[SOURCE MATERIAL]
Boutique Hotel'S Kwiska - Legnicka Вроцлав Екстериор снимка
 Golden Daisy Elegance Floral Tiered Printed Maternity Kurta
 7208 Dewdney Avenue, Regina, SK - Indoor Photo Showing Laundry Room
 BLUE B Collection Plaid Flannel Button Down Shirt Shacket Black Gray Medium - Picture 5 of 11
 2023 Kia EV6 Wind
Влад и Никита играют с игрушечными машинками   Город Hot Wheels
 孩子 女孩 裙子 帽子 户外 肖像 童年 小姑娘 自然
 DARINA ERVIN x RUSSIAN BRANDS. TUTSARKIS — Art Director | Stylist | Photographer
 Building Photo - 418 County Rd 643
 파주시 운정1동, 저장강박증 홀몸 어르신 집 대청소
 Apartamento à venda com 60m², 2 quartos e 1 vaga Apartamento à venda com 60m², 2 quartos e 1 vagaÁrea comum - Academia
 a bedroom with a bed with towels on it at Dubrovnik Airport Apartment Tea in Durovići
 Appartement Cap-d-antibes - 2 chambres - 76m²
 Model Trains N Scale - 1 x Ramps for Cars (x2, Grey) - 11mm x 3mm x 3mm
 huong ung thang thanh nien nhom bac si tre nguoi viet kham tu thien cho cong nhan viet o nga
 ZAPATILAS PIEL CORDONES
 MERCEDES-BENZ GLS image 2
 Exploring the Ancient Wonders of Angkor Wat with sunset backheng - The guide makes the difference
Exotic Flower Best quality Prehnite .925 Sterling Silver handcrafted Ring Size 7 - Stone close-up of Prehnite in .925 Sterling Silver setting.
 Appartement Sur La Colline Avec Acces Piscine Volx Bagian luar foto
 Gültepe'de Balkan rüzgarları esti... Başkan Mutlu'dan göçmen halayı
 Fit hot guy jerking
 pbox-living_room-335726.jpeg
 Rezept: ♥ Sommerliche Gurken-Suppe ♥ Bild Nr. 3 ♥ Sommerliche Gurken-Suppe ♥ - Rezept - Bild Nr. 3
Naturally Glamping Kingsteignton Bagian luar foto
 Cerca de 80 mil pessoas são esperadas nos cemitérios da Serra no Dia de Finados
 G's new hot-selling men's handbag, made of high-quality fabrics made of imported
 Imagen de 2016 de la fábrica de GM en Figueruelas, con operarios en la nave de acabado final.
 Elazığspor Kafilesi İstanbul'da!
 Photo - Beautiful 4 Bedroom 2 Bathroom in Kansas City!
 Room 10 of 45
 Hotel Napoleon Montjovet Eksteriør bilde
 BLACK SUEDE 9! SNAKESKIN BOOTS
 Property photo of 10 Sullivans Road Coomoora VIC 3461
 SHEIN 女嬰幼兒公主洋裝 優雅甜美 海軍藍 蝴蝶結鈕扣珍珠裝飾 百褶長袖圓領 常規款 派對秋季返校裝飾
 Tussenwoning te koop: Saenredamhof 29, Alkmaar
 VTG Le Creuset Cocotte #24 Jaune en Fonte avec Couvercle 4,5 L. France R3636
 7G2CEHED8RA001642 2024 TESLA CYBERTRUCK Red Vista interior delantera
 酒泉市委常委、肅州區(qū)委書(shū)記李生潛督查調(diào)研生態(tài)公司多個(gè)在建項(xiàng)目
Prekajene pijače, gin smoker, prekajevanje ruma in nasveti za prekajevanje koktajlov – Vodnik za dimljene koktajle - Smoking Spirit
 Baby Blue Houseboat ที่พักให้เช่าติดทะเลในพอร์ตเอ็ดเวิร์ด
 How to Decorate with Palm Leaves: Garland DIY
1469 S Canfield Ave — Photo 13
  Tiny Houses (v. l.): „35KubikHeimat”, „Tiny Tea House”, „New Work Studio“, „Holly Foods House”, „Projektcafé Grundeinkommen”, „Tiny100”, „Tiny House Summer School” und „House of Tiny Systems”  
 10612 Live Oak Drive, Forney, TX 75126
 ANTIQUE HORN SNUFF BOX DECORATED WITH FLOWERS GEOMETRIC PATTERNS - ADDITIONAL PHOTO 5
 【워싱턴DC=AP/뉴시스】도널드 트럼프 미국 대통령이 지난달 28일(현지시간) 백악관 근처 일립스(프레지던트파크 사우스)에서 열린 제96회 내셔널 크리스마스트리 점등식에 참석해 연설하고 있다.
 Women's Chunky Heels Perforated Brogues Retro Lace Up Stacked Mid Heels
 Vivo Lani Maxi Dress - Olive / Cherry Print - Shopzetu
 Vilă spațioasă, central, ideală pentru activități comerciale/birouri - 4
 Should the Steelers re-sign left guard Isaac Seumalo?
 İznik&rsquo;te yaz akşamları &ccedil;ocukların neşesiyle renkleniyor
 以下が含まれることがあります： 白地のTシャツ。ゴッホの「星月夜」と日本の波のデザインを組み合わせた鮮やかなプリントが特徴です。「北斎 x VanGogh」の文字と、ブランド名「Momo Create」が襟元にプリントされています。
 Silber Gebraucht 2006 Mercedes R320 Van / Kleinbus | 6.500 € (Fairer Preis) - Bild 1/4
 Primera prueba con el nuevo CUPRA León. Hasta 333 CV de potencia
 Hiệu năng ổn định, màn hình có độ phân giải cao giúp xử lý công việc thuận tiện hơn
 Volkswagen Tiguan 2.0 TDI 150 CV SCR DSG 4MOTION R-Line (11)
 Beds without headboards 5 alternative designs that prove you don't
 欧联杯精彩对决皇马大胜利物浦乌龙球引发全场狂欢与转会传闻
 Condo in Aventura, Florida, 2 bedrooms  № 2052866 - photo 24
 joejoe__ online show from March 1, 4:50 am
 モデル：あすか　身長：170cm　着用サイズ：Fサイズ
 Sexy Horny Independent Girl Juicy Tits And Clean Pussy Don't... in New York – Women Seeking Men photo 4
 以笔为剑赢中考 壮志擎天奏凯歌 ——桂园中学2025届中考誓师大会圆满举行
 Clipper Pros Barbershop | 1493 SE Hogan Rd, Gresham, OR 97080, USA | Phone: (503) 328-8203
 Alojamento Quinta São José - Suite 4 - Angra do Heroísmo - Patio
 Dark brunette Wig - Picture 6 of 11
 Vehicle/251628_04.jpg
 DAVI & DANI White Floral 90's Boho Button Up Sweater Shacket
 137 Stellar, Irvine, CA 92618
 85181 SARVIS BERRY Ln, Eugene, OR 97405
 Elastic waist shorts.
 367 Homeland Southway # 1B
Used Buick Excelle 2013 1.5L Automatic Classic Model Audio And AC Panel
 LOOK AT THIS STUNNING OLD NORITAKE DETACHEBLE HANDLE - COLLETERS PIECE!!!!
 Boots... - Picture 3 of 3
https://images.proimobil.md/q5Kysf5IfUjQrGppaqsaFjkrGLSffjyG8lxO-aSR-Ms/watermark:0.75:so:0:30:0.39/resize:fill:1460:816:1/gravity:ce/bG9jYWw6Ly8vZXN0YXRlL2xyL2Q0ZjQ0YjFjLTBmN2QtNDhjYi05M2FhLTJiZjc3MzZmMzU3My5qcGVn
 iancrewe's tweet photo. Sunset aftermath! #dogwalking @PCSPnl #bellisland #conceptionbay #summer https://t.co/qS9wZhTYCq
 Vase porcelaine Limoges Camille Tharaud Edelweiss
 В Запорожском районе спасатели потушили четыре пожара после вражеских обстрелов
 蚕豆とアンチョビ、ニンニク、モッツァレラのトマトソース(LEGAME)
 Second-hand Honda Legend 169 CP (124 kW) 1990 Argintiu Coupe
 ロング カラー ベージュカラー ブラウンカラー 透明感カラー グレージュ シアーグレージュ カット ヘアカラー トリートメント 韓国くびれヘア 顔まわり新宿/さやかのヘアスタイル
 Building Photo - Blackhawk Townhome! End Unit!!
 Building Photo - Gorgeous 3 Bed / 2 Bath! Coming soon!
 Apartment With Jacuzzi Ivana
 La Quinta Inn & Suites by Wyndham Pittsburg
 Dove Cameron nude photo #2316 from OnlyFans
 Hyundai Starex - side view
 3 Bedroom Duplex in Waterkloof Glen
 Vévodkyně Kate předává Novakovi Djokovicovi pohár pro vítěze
[/SOURCE MATERIAL]
From the data above, return every line from the line that has "Model Trains N" up to and including the line that has "1469 S Canfield Ave — Photo 13", exactly.

 Model Trains N Scale - 1 x Ramps for Cars (x2, Grey) - 11mm x 3mm x 3mm
 huong ung thang thanh nien nhom bac si tre nguoi viet kham tu thien cho cong nhan viet o nga
 ZAPATILAS PIEL CORDONES
 MERCEDES-BENZ GLS image 2
 Exploring the Ancient Wonders of Angkor Wat with sunset backheng - The guide makes the difference
Exotic Flower Best quality Prehnite .925 Sterling Silver handcrafted Ring Size 7 - Stone close-up of Prehnite in .925 Sterling Silver setting.
 Appartement Sur La Colline Avec Acces Piscine Volx Bagian luar foto
 Gültepe'de Balkan rüzgarları esti... Başkan Mutlu'dan göçmen halayı
 Fit hot guy jerking
 pbox-living_room-335726.jpeg
 Rezept: ♥ Sommerliche Gurken-Suppe ♥ Bild Nr. 3 ♥ Sommerliche Gurken-Suppe ♥ - Rezept - Bild Nr. 3
Naturally Glamping Kingsteignton Bagian luar foto
 Cerca de 80 mil pessoas são esperadas nos cemitérios da Serra no Dia de Finados
 G's new hot-selling men's handbag, made of high-quality fabrics made of imported
 Imagen de 2016 de la fábrica de GM en Figueruelas, con operarios en la nave de acabado final.
 Elazığspor Kafilesi İstanbul'da!
 Photo - Beautiful 4 Bedroom 2 Bathroom in Kansas City!
 Room 10 of 45
 Hotel Napoleon Montjovet Eksteriør bilde
 BLACK SUEDE 9! SNAKESKIN BOOTS
 Property photo of 10 Sullivans Road Coomoora VIC 3461
 SHEIN 女嬰幼兒公主洋裝 優雅甜美 海軍藍 蝴蝶結鈕扣珍珠裝飾 百褶長袖圓領 常規款 派對秋季返校裝飾
 Tussenwoning te koop: Saenredamhof 29, Alkmaar
 VTG Le Creuset Cocotte #24 Jaune en Fonte avec Couvercle 4,5 L. France R3636
 7G2CEHED8RA001642 2024 TESLA CYBERTRUCK Red Vista interior delantera
 酒泉市委常委、肅州區(qū)委書(shū)記李生潛督查調(diào)研生態(tài)公司多個(gè)在建項(xiàng)目
Prekajene pijače, gin smoker, prekajevanje ruma in nasveti za prekajevanje koktajlov – Vodnik za dimljene koktajle - Smoking Spirit
 Baby Blue Houseboat ที่พักให้เช่าติดทะเลในพอร์ตเอ็ดเวิร์ด
 How to Decorate with Palm Leaves: Garland DIY
1469 S Canfield Ave — Photo 13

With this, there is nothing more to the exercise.